▸ **EXERCISE INPUTS**:
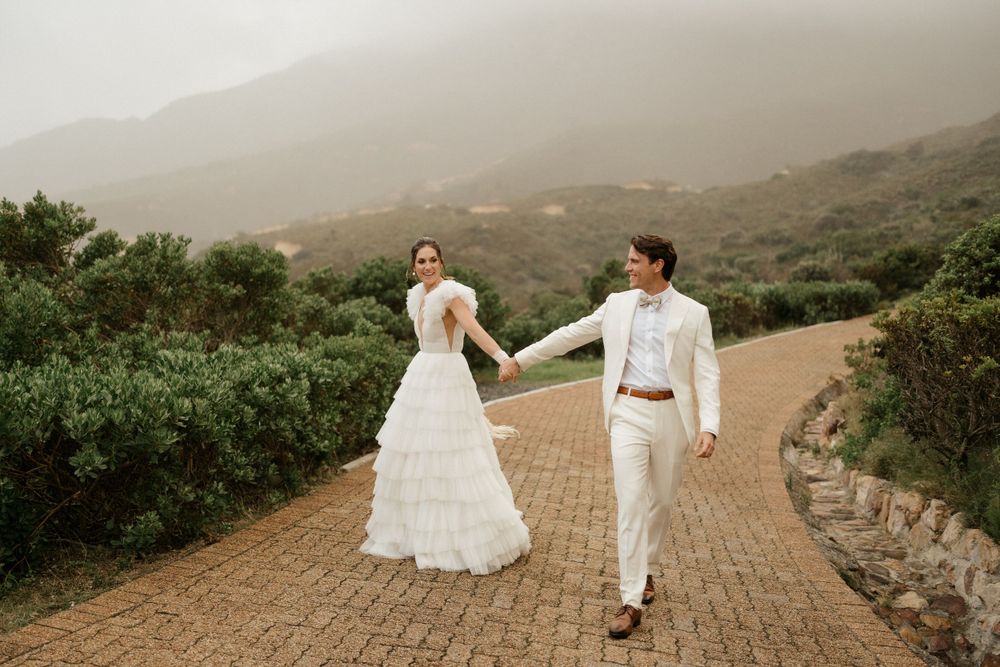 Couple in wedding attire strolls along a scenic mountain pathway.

...

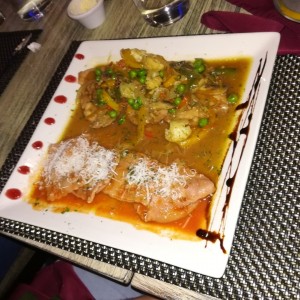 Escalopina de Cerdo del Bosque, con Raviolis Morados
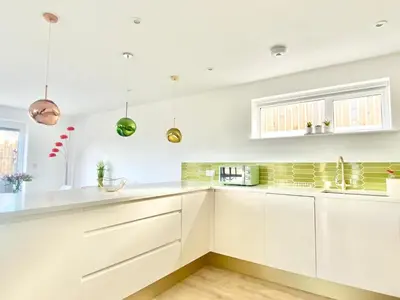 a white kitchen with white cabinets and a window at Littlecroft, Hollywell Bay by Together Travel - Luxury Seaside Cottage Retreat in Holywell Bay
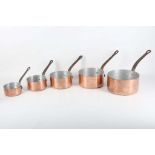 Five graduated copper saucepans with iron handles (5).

* * *

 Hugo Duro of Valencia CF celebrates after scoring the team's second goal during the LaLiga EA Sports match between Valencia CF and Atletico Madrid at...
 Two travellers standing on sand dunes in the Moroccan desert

▸ **ACTIVITY**:
Among the entries above, copy exactly only the lines starting with the one containing "Hugo Duro of" and going through the one containing "Two travellers standing", both ends included.

▸ **RESULT OF THIS TASK**:
 Hugo Duro of Valencia CF celebrates after scoring the team's second goal during the LaLiga EA Sports match between Valencia CF and Atletico Madrid at...
 Two travellers standing on sand dunes in the Moroccan desert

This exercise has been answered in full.